[Crawled caption data]
◆ ◆ ◆ ◆ ◆ ◆ ◆

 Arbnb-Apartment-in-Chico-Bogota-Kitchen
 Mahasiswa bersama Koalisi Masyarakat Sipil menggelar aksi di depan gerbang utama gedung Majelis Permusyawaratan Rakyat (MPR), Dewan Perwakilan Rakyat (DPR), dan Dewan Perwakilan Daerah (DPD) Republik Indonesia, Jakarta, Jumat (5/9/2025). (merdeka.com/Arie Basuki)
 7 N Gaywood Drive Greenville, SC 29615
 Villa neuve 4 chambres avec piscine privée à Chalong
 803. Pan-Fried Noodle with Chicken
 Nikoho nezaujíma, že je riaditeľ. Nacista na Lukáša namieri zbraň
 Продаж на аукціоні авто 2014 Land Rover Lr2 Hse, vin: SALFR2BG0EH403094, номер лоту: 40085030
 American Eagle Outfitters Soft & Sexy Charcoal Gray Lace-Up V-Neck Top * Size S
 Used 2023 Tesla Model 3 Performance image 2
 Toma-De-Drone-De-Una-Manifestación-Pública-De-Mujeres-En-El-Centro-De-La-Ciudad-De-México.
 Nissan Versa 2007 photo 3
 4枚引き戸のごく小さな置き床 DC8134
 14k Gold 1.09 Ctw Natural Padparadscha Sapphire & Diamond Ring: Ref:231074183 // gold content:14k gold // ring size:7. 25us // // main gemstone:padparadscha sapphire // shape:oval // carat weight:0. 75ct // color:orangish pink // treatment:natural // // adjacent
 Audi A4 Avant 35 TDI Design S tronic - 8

◆ ◆ ◆ ◆ ◆ ◆ ◆

* ACTIVITY *
Would you please write out the entries again exactly?

* WRITTEN SOLUTION *
 Arbnb-Apartment-in-Chico-Bogota-Kitchen
 Mahasiswa bersama Koalisi Masyarakat Sipil menggelar aksi di depan gerbang utama gedung Majelis Permusyawaratan Rakyat (MPR), Dewan Perwakilan Rakyat (DPR), dan Dewan Perwakilan Daerah (DPD) Republik Indonesia, Jakarta, Jumat (5/9/2025). (merdeka.com/Arie Basuki)
 7 N Gaywood Drive Greenville, SC 29615
 Villa neuve 4 chambres avec piscine privée à Chalong
 803. Pan-Fried Noodle with Chicken
 Nikoho nezaujíma, že je riaditeľ. Nacista na Lukáša namieri zbraň
 Продаж на аукціоні авто 2014 Land Rover Lr2 Hse, vin: SALFR2BG0EH403094, номер лоту: 40085030
 American Eagle Outfitters Soft & Sexy Charcoal Gray Lace-Up V-Neck Top * Size S
 Used 2023 Tesla Model 3 Performance image 2
 Toma-De-Drone-De-Una-Manifestación-Pública-De-Mujeres-En-El-Centro-De-La-Ciudad-De-México.
 Nissan Versa 2007 photo 3
 4枚引き戸のごく小さな置き床 DC8134
 14k Gold 1.09 Ctw Natural Padparadscha Sapphire & Diamond Ring: Ref:231074183 // gold content:14k gold // ring size:7. 25us // // main gemstone:padparadscha sapphire // shape:oval // carat weight:0. 75ct // color:orangish pink // treatment:natural // // adjacent
 Audi A4 Avant 35 TDI Design S tronic - 8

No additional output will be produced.